● RECORD EXTRACTS:
______________________________

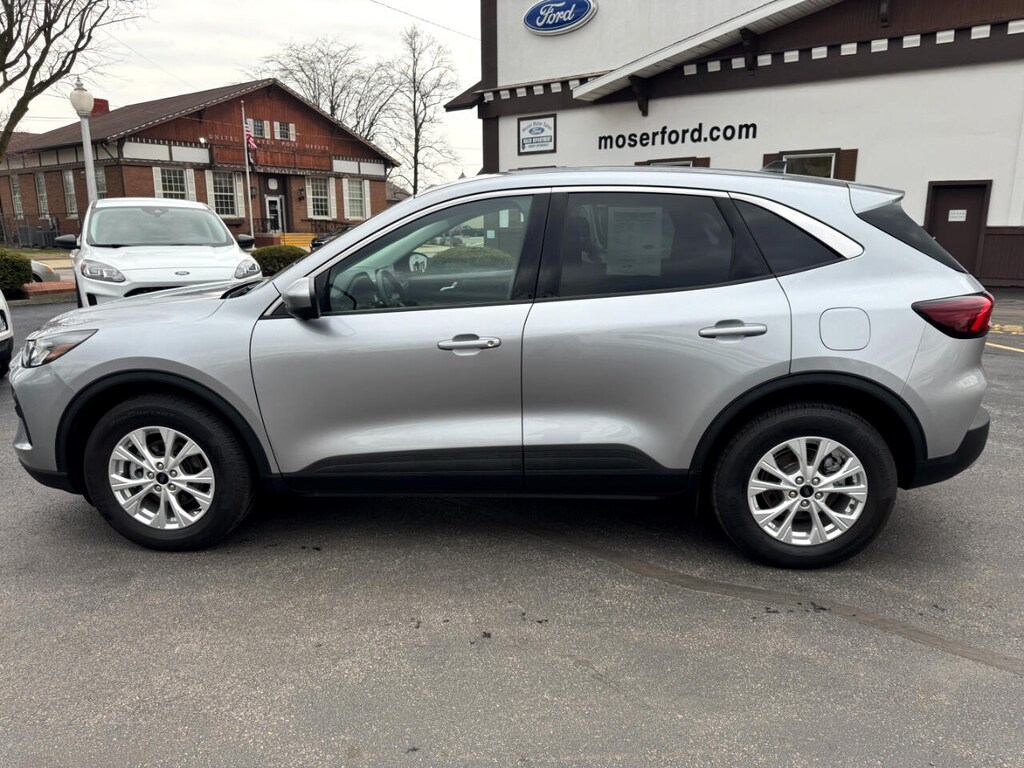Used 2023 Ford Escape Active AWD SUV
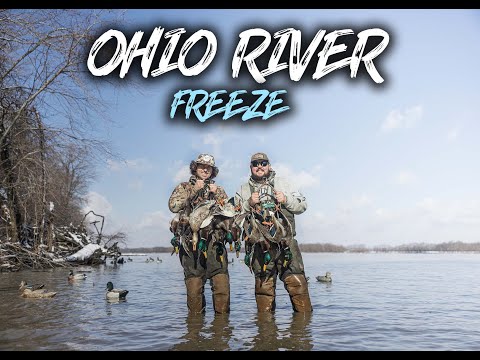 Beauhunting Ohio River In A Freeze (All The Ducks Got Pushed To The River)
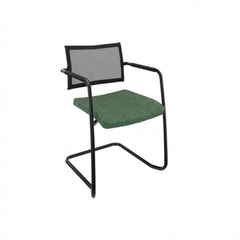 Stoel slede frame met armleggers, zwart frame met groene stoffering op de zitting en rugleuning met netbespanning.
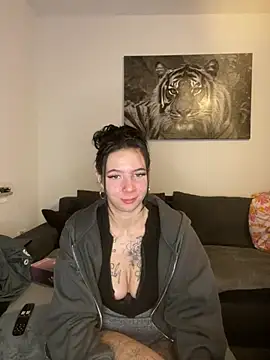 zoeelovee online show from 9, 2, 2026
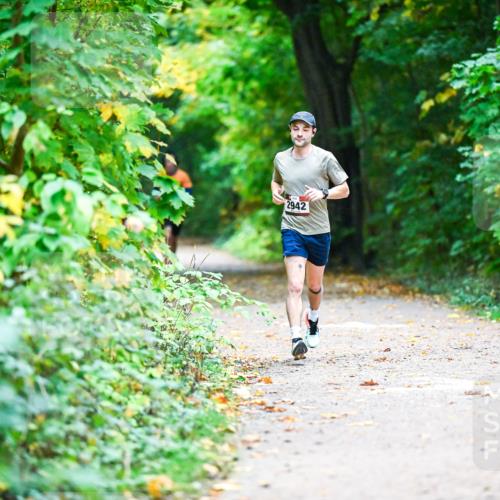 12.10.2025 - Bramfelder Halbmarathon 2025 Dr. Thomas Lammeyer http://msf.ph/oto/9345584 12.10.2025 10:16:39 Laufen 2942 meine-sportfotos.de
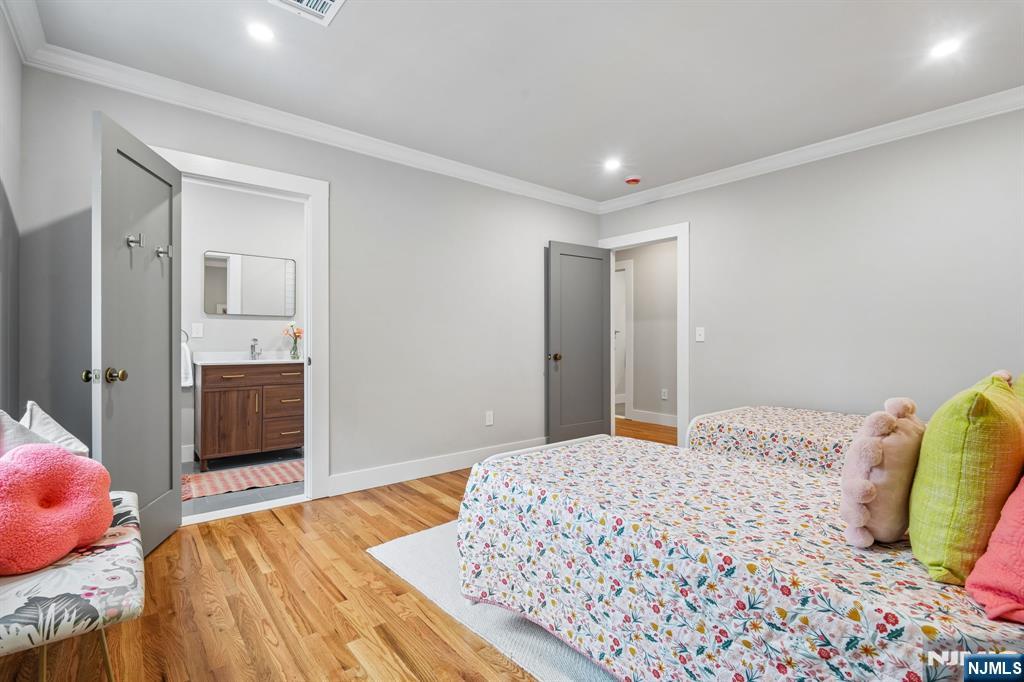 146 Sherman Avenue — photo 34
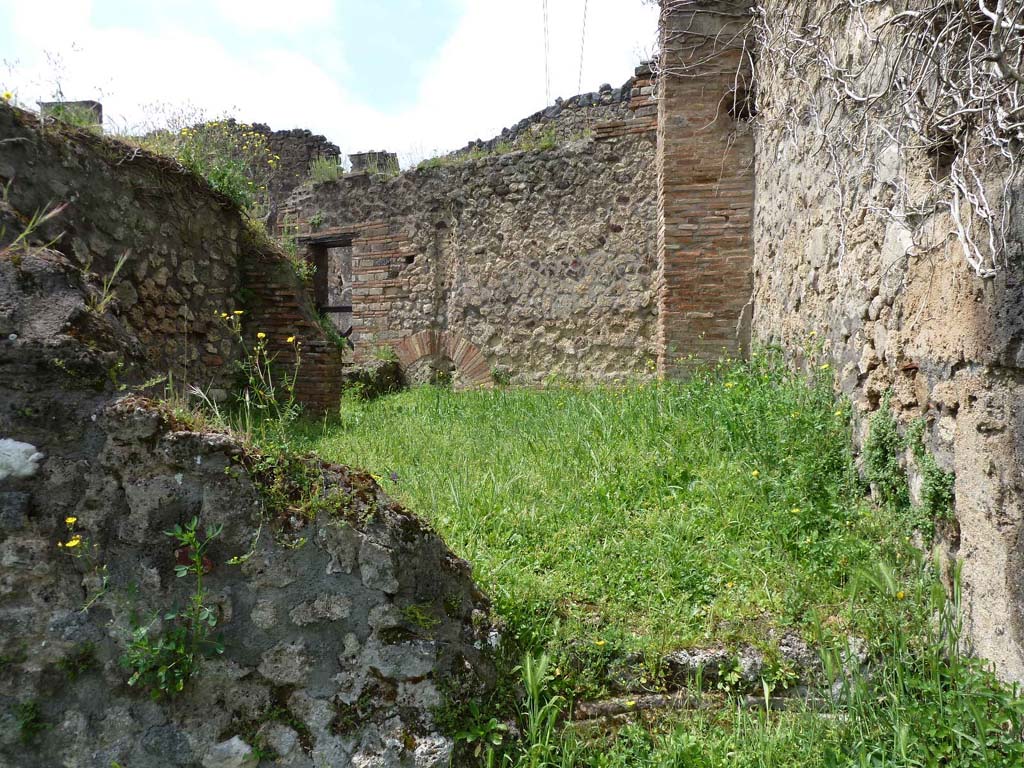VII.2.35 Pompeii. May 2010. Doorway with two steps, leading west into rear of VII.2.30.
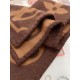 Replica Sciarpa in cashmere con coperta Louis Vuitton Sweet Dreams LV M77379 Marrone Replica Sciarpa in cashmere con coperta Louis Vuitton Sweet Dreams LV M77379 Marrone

______________________________

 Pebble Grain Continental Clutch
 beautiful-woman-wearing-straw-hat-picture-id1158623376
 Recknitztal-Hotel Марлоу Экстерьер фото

______________________________

● WHAT THE TASK ASKS: Exactly as written above, retype the lines starting at the one holding "12.10.2025 - Bramfelder" and ending at the one holding "M77379 Marrone Replica", both included, but not the pictures.

● WORKED SOLUTION:
 12.10.2025 - Bramfelder Halbmarathon 2025 Dr. Thomas Lammeyer http://msf.ph/oto/9345584 12.10.2025 10:16:39 Laufen 2942 meine-sportfotos.de
 146 Sherman Avenue — photo 34
VII.2.35 Pompeii. May 2010. Doorway with two steps, leading west into rear of VII.2.30.
 Replica Sciarpa in cashmere con coperta Louis Vuitton Sweet Dreams LV M77379 Marrone Replica Sciarpa in cashmere con coperta Louis Vuitton Sweet Dreams LV M77379 Marrone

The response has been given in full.